Wild Nights with Emily (2018) by Madeleine Olnek
Review by Zach Dennis
The purveyors of history are the ones who are victorious – or those who just, by chance, got there first.
Those credentials don’t necessarily win our undying faith, but most of the time our patience for investigation – or just interest in nuance – is lost or rejected. So we are left with history — what should be a written, undeniable record — in the hands of society’s gatekeepers, who have been dominantly white and male.
So what’s left for women?
The tale of Emily Dickinson’s long-term affair with her childhood friend turned sister-in-law, Susan, could be seen as near fan-fiction-like conspiracy rivaling the Satanic messages found by playing a Beatles record backwards, but that dismisses an unexplored avenue of a known figure that we know little about.

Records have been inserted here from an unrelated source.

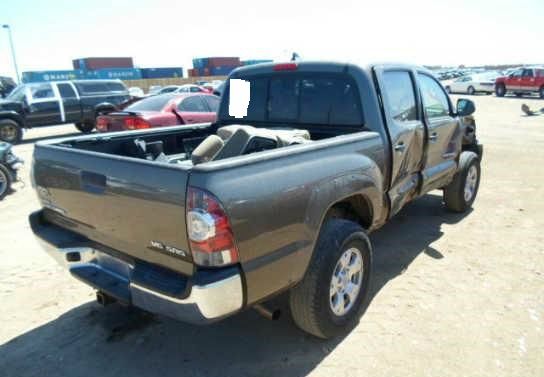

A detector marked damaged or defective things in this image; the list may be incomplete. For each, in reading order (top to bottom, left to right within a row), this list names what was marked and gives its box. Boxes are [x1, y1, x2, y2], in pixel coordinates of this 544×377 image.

damaged pickup truck [29, 61, 482, 338]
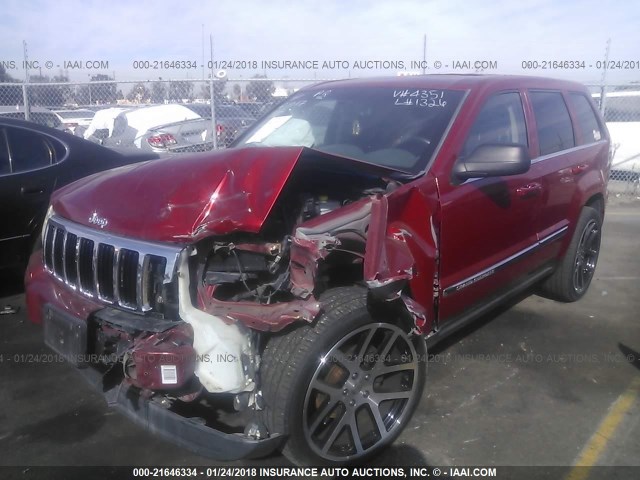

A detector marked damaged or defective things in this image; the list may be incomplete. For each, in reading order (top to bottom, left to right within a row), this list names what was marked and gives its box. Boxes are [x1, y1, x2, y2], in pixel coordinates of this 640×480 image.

crumpled hood [52, 146, 304, 244]
damaged red jeep [26, 76, 608, 464]
wrecked vehicle lot [1, 203, 640, 468]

Wild Nights with Emily is firmly aware of any suspicions you might have about the alleged affair — if not outright mocking the concept at time. In this sense, it isn’t making light of the two women having a romantic entanglement, but moreso the ways in which we try to theorize out of thin air.
Dickinson (played by Molly Shannon) in this version is less a near mute recluse, and more of a muted shut-in — not designing her life to stay outside but finding outside, and its inhabitants, to be unnecessary for her spiritual enjoyment. Who needs cocktail parties, church and revelry when you have a piano-scored writing space and a loving (albiet occasional) partner next door.
As the movie — adapted from the play by Madeleine Olnek, who also directs — unravels and we begin to learn more of Dickinson’s quests to become published, the movie asks less of us to feel consumed in this 19th century veneer and more to use our 21st century knowledge to assess the difficulties posed for a female poet.
As Dickinson begins to accumulate a repertoire of poems, she earns a visit by the literary review editor Thomas Wentworth Higginson (Brett Gelman), who immediately becomes overwhelmed with the assault of questions socketed in Dickinson’s mind and firing from her lips as he enters the room. The scene can be played for a bit of a laugh — the unknowing Higginson enters a room and is confronted by questions from his host that he has no time to answer.
But the scene develops, and we learn that Higginson’s reticence at the beginning could be less of his shock and more of an insistence for the “young” (in terms of how he qualifies experience) poet to fall in line and listen to someone who knows, not only more, but better.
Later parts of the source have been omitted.